Without any pictures, output the records exactly as they are.

DATASET RECORDS →
****
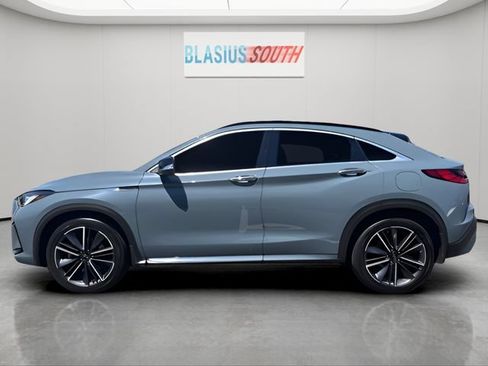 Used 2023 INFINITI QX55 Luxe w/ Cargo Package AWD/4WD image 6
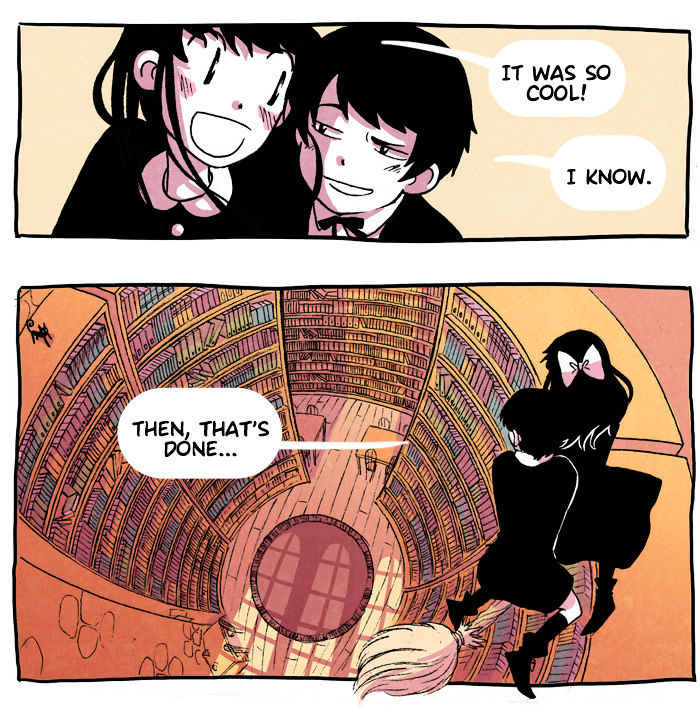 Read Hooky Manga Online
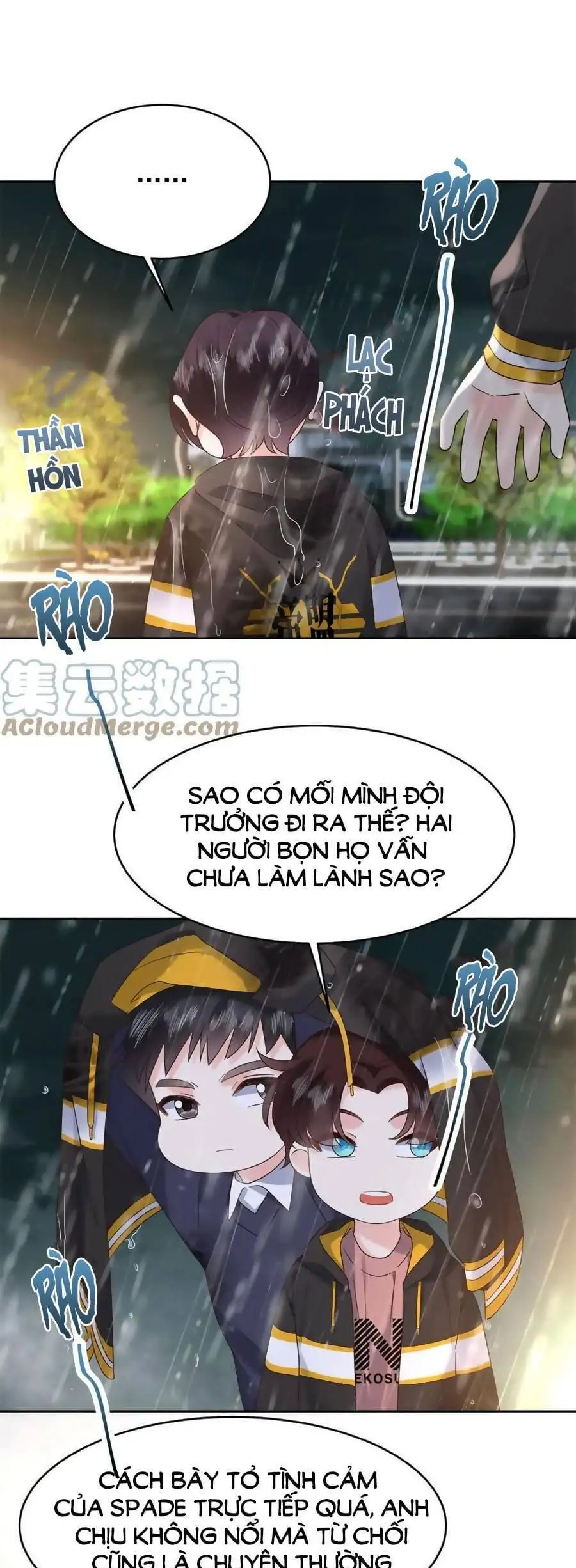 Truyện Tranh Nam Thần Quốc Dân Là Nữ - The National Hotboy Is A Girl trang 6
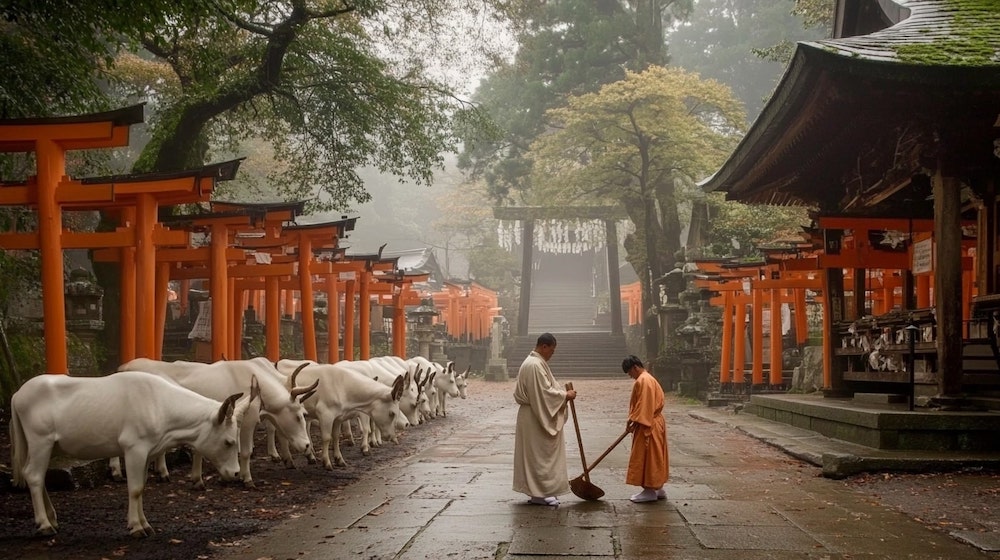 【中級者向け】神道の基礎をもう一歩深く：知られざる神職の役割と日常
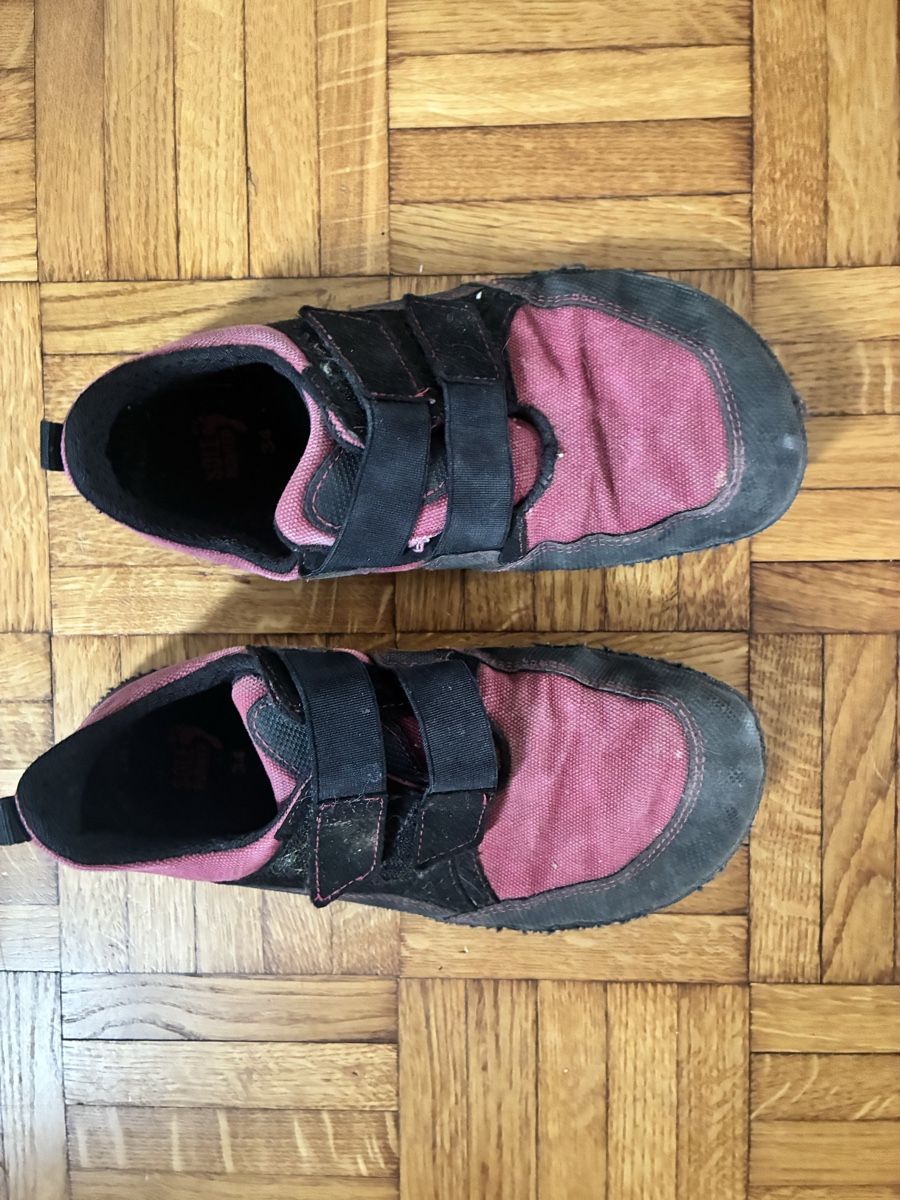 Schuhe für Jungen: Sole Runner | barefoot shoes 34 – Gebraucht aus Lausanne von Sarawg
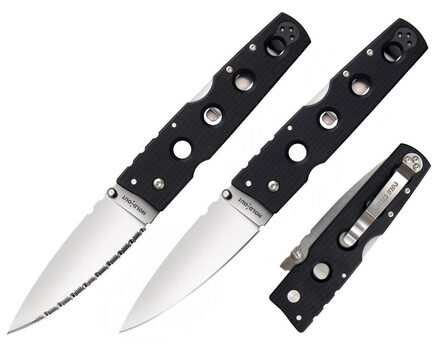 Купите складные ножи Cold Steel Hold Out II (11HL - 11HLS) в Хабаровске в нашем интернет-магазине
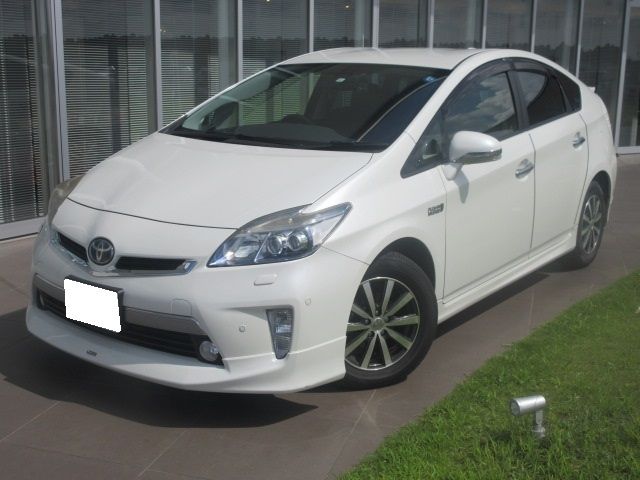 Toyota PRIUS PHV 2012-11 20862-0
****
FINISHED TASK →
 Used 2023 INFINITI QX55 Luxe w/ Cargo Package AWD/4WD image 6
 Read Hooky Manga Online
 Truyện Tranh Nam Thần Quốc Dân Là Nữ - The National Hotboy Is A Girl trang 6
 【中級者向け】神道の基礎をもう一歩深く：知られざる神職の役割と日常
 Schuhe für Jungen: Sole Runner | barefoot shoes 34 – Gebraucht aus Lausanne von Sarawg
 Купите складные ножи Cold Steel Hold Out II (11HL - 11HLS) в Хабаровске в нашем интернет-магазине
 Toyota PRIUS PHV 2012-11 20862-0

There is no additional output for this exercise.